Captioned web image data
*** Block opens ***
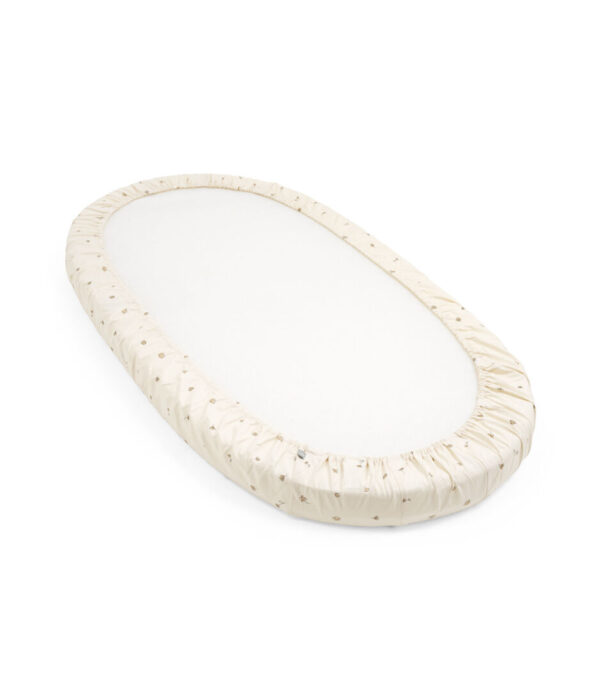 Stokke Sleepi Prekrivač (čaršaf) za krevet – Bed Fitted Sheet Flower Ecru V3 OCS - Image 3
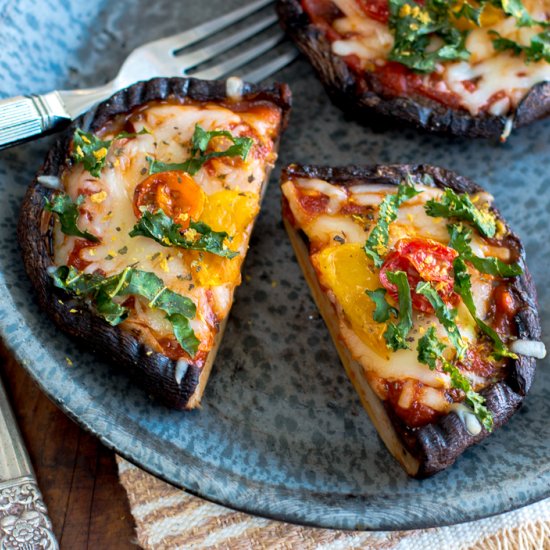 Portobello Mushroom Pizzas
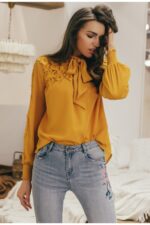 Embroidery Long Sleeve Summer Spring Hollow Out – Bild 4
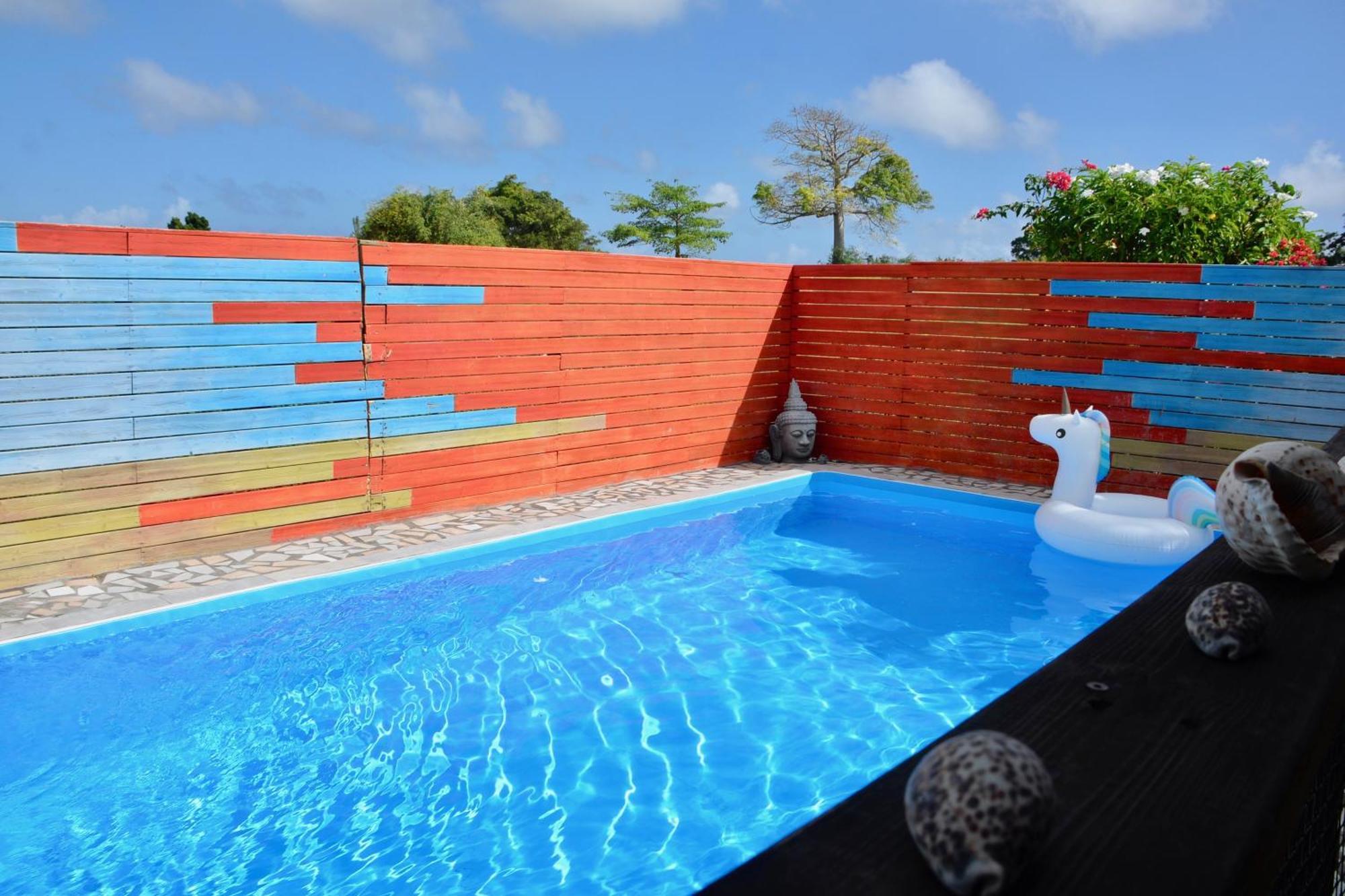 Bungalow La Perle - Jacuzzi - Piscine 생프랑수아 외부 사진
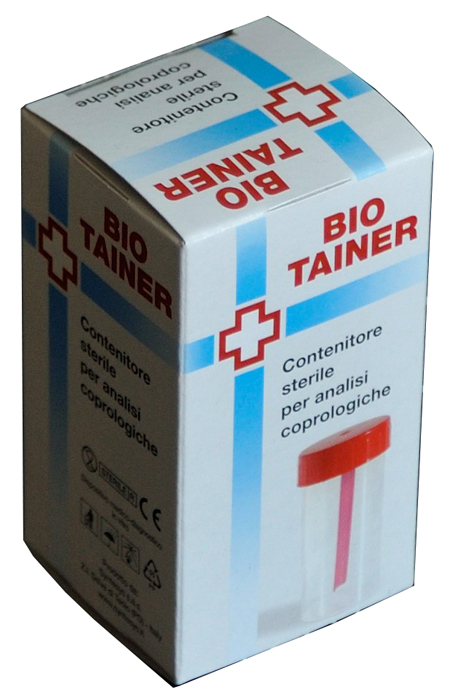 CONTENITORE PER FECI STERILE BIO TAINER 1 PEZZO - Farmacia Puddu Baire S.r.l.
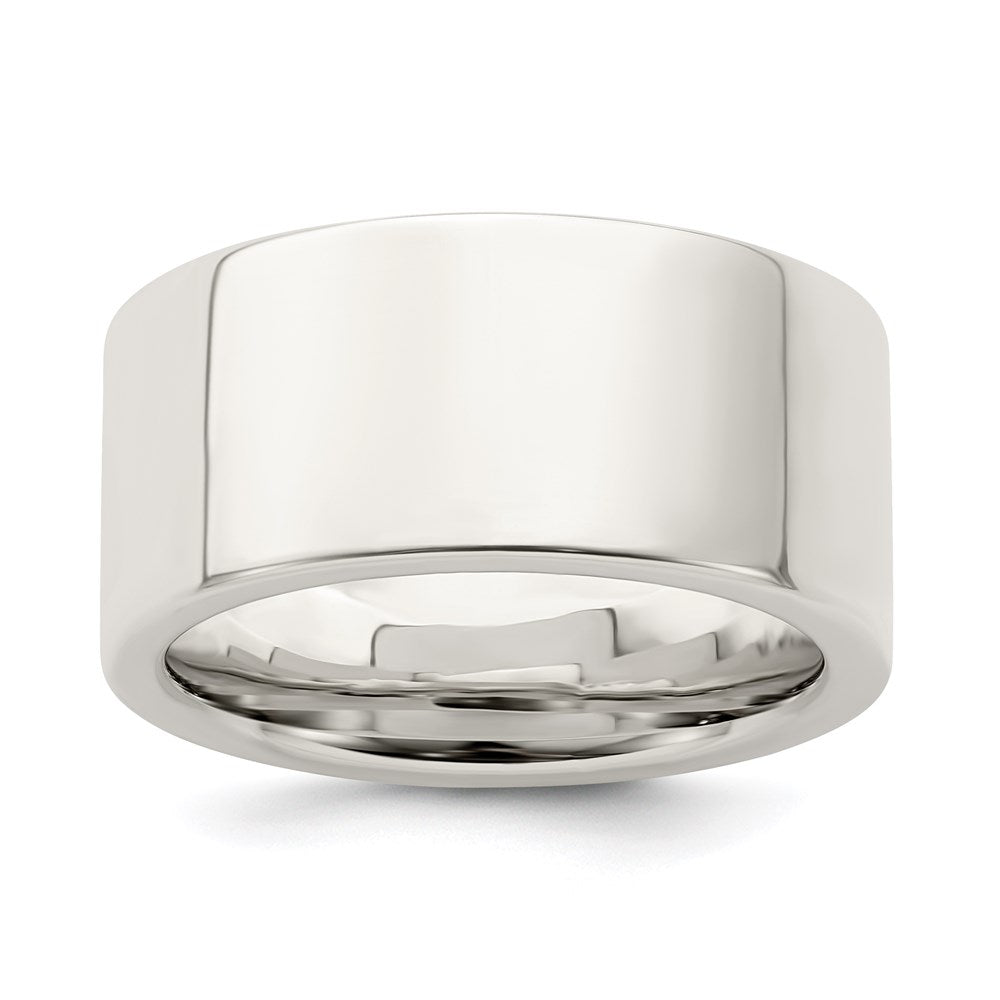 Sterling Silver 10mm Comfort Fit Flat Size 9 Band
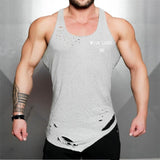 Create Your own LOGO/Text Mens Bodybuilding Stringers Tank Tops - reign-aesthetics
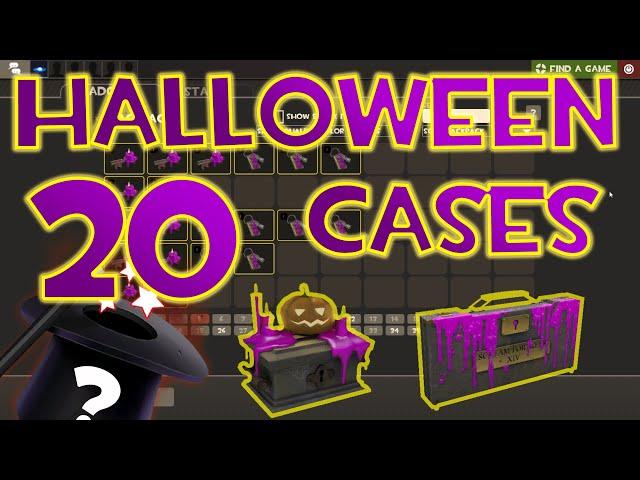 TF2: Unboxing 20 Halloween Cases (2022)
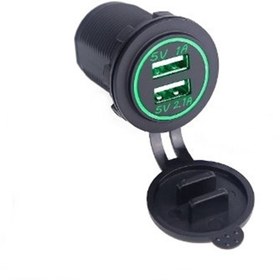 Resim Autoline Araç İçi Çift Portlu Usb Şarj 12-32v Arası Çalışan Yeşil 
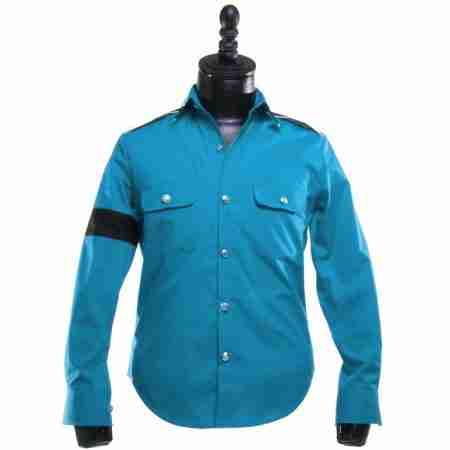 Michael Jackson Turquoise CTE with Black Armband Shirt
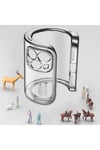 iPhone 13 Pro Max Uyumlu NVTH Mat Gbox Kılıf-Siyah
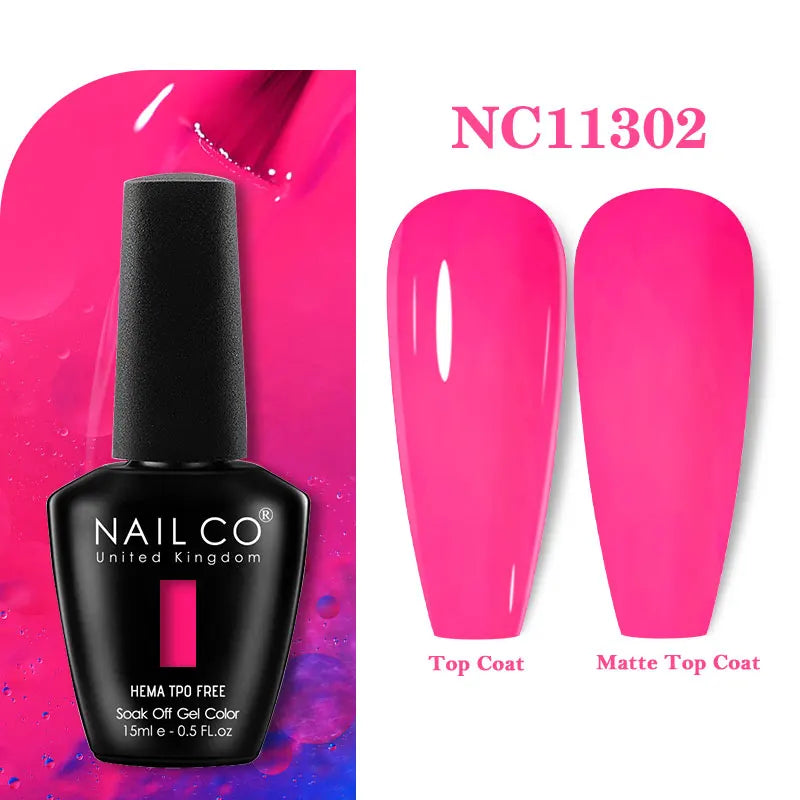 NAILCO 15ml Hema TPO Free Gel Nails Poilsh Vernis Semi Permanent UV Varnish Gel Nail Art Manicure Design TOP BASE Varnish Hybrid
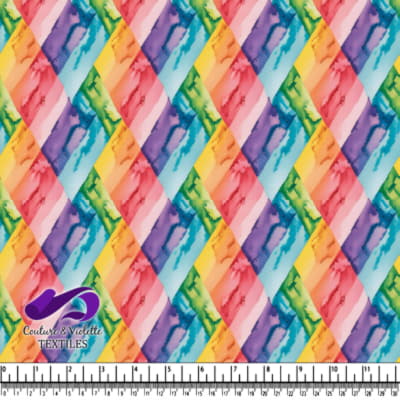 Motif de Diamant Aquarelle Coloré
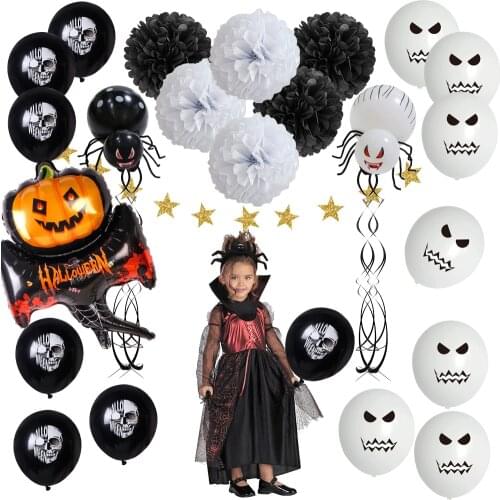 Themed Birthday Party Decoration Set Balloons Flags Banners Cake Card Decorations Children Day Halloween Party Supplies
*** Block closes ***
Take the line with "Motif de Diamant Aquarelle Coloré" as the first line and the last line of the records above as the final one; reproduce exactly the lines between them, both included, without pictures.

 Motif de Diamant Aquarelle Coloré
 Themed Birthday Party Decoration Set Balloons Flags Banners Cake Card Decorations Children Day Halloween Party Supplies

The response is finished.